Thursday, October 16, 2014

Never Cooking Again

I read this blog post the other day entitled "An Argument for Never Cooking Again" and it very much resonated with me. Essentially, the author, Sarah Miller, argues that people only really like to cook for other people and they only really like to cook for other people so that they can feel loved and appreciated for doing so. This seems pretty accurate. I "love" baking, but I only "love" baking when I'm doing it for other people because they'll like it (and like me). I almost never bake for myself.  For one thing, I'm mostly lazy. And two, I would never not feel guilty about eating a pan of brownies by myself (that doesn't mean I haven't done that, though).


Cooking for one especially sucks. First of all, as that post suggests, despite my inflated ego, I don't feel motivated to spend that much time making food only for myself. Second of all, I am pretty much ALWAYS starving by the time I get home from work, so I want to eat something that takes less than 20 minutes to make. Third of all, and most unfortunately, it's not always cheaper to cook for yourself, despite popular belief. Don't get me wrong, I make most of my meals, but they almost always consist of beans and salsa and other things that cost less than a dollar and only need to be heated up. Whenever I want to eat something other than grains and legumes, it actually makes more sense to go out, which seems backwards, but it's not.

I made tacos the other night with meat -- a small step up from my typical beans and salsa -- and all things considered, the ingredients were at least $15. For tacos! Yes, I had leftovers, but that also means I had to eat the same thing many times in a row and that gets old quickly. I once made this delicious polenta casserole, but by the 3rd day of eating it, I wanted to kill myself. I am not being dramatic.

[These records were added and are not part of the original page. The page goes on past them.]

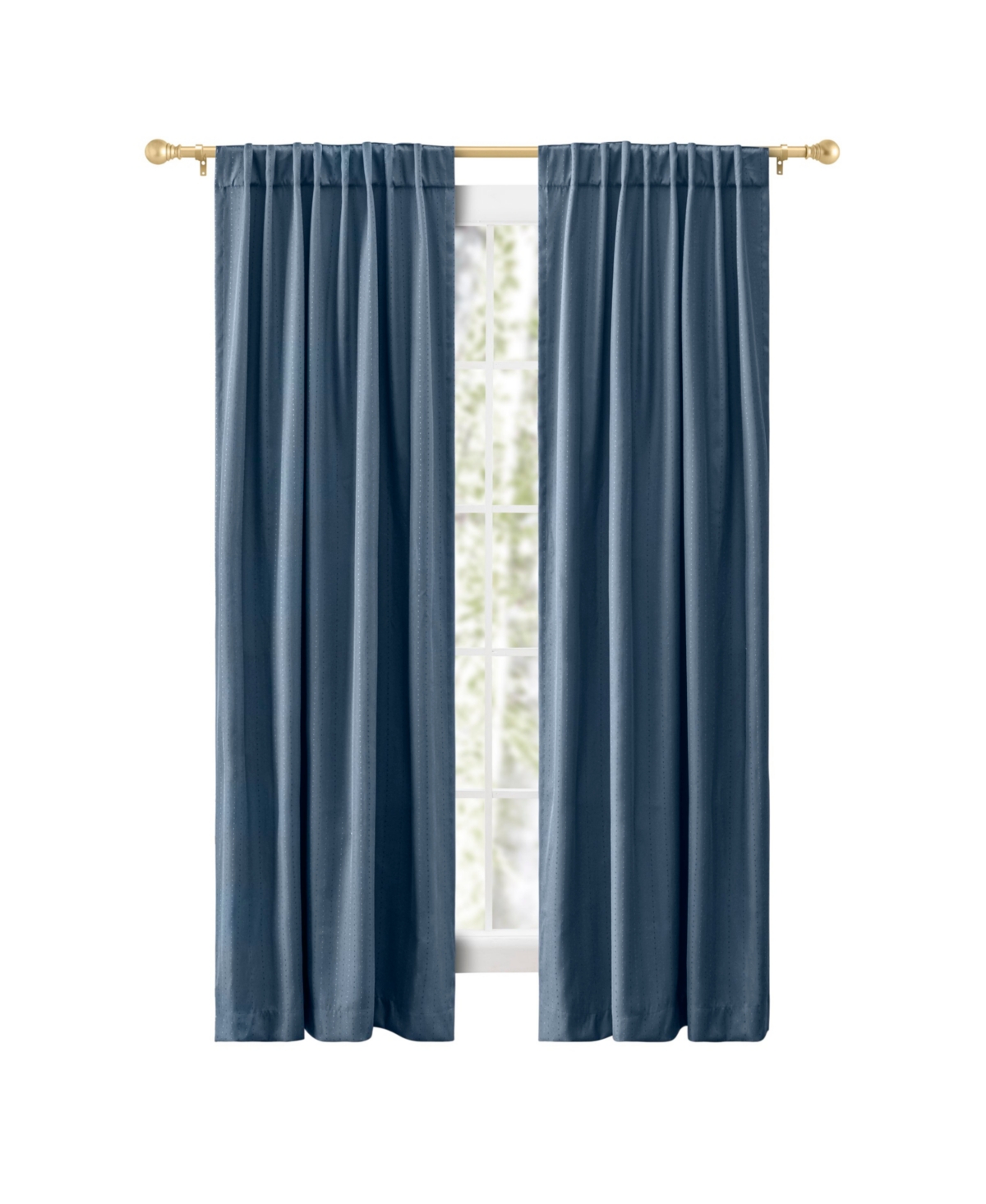 Ricardo Grand Pointe Rod Pocket Curtain Panel w/Back Tabs 54"W x 84"L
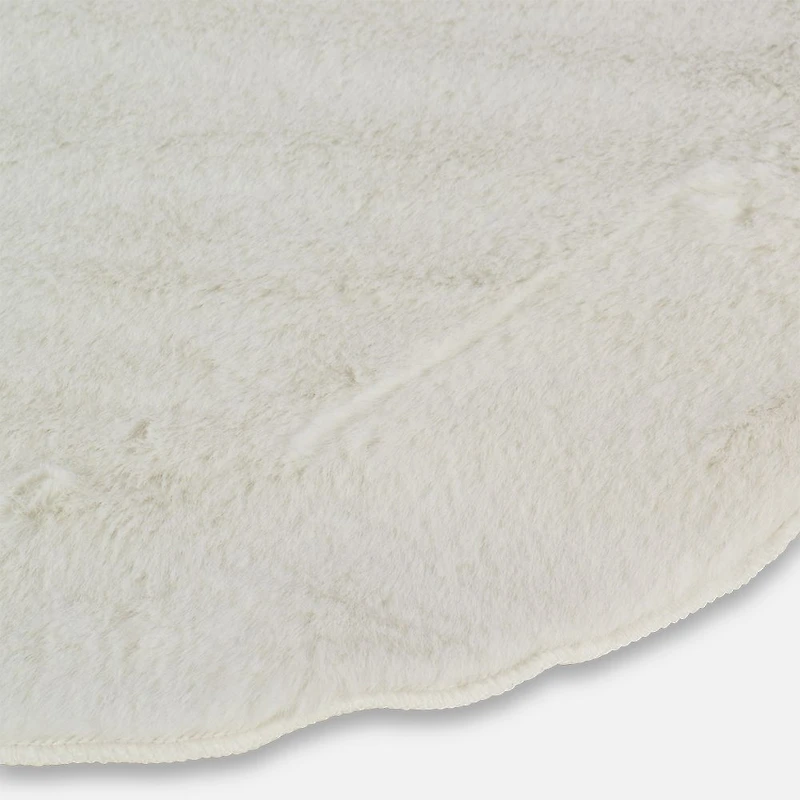 Tapis fausse fourrure - White, 36 x 60 po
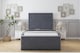 image 1 of Sloomy Somerset Steel Plush Bed Frame With Mattress With 50" Upholstered Headboard 4' Small Double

On the other hand, there is a restaurant near my office that has a pretty good beer selection and a half-priced menu from 4-6 every day. That means it's actually cheaper for me to go out and get a craft beer and an entire plate of nachos than it is to go to the grocery store and buy ingredients for a meal. Maybe not the healthiest choice, but YOLO, you guys.



And, since I live amidst Section 8 housing and broke college kids, there are countless options for very cheap food in my neighborhood. For instance, I can get a slice of pizza for $2 that is actually the size of 3 slices of pizza, so it literally feels like you won the lottery when you eat it. Literally.

When I'm not trying to get diabetes, I go to the Russian BAZAAR down the street from my apartment that has almost everything you'd ever need at half the price of a regular grocery store. Also, a whole fucking aisle of pickled items. A WHOLE AISLE. There are few things I dislike more than grocery shopping (humidity is high on the list) because almost everyone is an asshole at the grocery store. I worked at Shaws for 7 years of my life and every time I go into that store I have a mini panic attack and want to punch everyone around me. (Last time I was there, I yelled at a woman to "Get some awareness!" That is who I've become.) However, at the Bazaar, no one speaks English and/or has any interest in talking to another human being and it's wonderful. The only drawback is that almost every label is in Russian, so I don't necessarily know what I'm buying/eating, but that just keeps the adventure alive. I generally leave with a bag of fermented vegetables and cheese and go home and eat snacks for dinner. Someday I aspire to make an actual meal, but only if someone wants to help me do it. And/or just do it for me. What I mean is that someday I aspire to come home to dinner on the table.